Dataset excerpts:

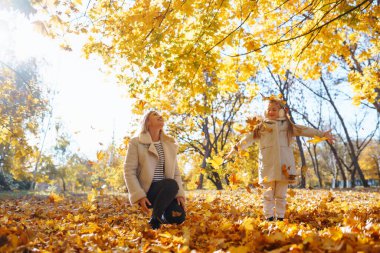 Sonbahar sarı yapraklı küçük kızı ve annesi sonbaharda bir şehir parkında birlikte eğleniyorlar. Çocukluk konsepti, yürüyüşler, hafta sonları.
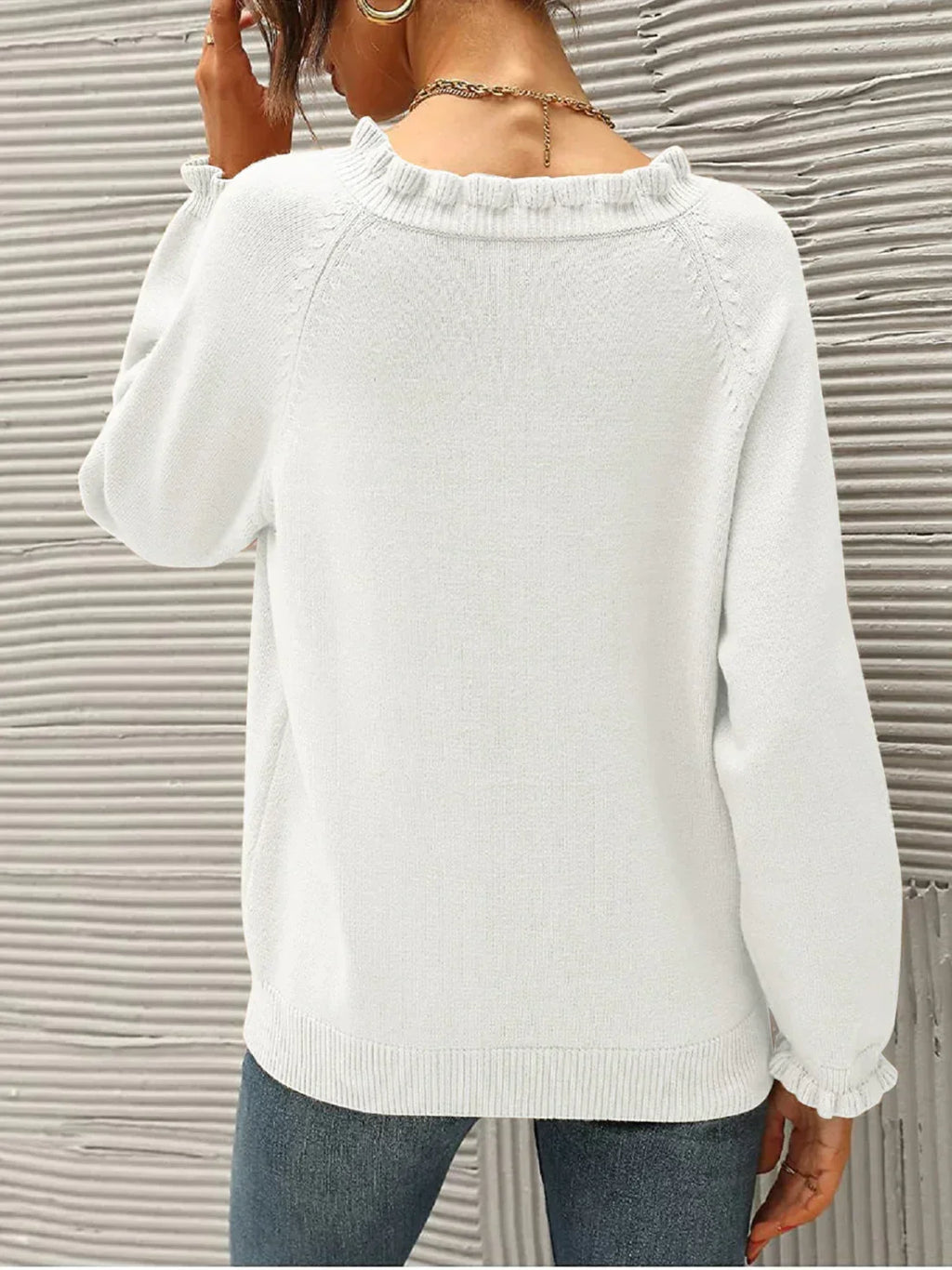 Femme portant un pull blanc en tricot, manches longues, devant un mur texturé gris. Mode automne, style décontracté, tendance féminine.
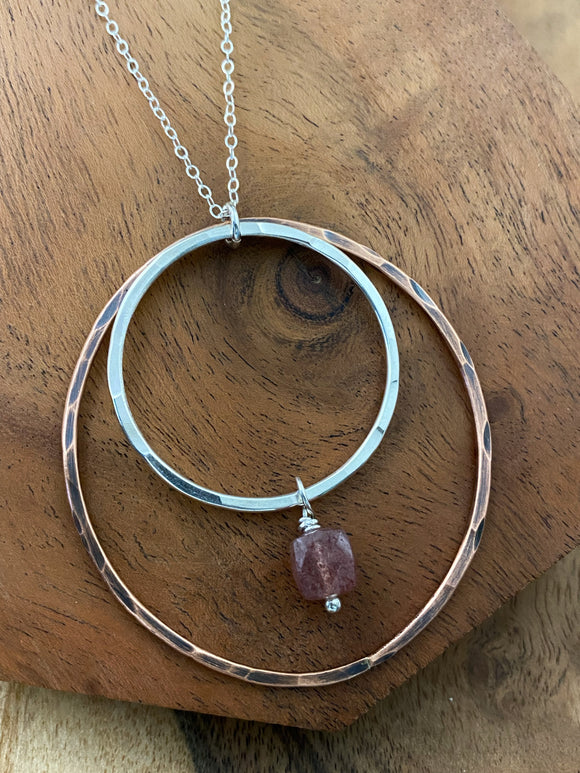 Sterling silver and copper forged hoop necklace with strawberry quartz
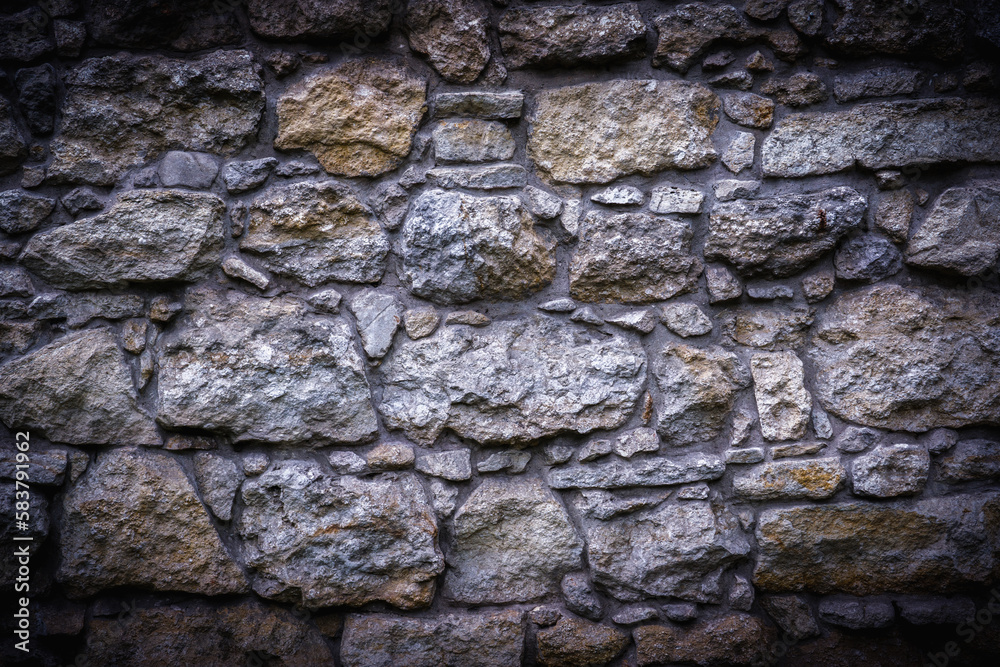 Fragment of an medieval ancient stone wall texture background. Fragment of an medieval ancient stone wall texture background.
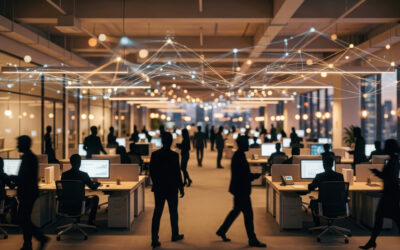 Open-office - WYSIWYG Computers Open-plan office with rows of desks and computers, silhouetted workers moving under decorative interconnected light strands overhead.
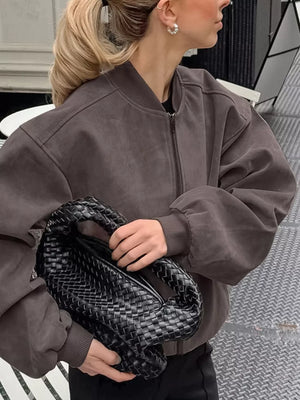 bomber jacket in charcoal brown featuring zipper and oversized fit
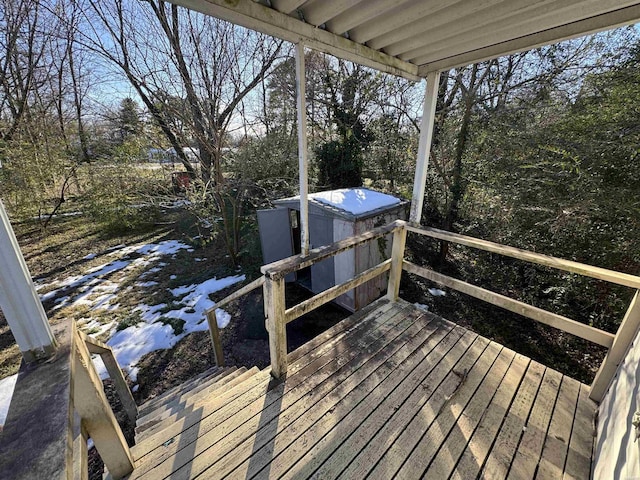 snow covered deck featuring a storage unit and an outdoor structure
...
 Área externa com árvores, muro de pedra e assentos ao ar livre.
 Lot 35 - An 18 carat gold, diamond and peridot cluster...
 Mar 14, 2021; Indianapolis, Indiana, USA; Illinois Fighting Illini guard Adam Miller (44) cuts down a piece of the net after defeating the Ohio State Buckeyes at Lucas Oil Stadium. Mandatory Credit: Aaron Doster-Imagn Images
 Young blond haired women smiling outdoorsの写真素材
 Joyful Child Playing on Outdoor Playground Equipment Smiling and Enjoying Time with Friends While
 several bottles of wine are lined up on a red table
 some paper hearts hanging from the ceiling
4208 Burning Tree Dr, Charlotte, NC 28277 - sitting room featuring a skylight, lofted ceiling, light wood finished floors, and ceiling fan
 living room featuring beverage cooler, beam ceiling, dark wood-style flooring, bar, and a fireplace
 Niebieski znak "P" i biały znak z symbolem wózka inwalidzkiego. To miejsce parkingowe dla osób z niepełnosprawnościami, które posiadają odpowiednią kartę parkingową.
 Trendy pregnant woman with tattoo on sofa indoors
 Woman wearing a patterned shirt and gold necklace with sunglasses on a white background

TO DO:
Please return only the lines above, starting at the line that has "several bottles of" and ending at the line that has "4208 Burning Tree", keeping both and leaving each one unchanged.

RESPONSE AREA:
 several bottles of wine are lined up on a red table
 some paper hearts hanging from the ceiling
4208 Burning Tree Dr, Charlotte, NC 28277 - sitting room featuring a skylight, lofted ceiling, light wood finished floors, and ceiling fan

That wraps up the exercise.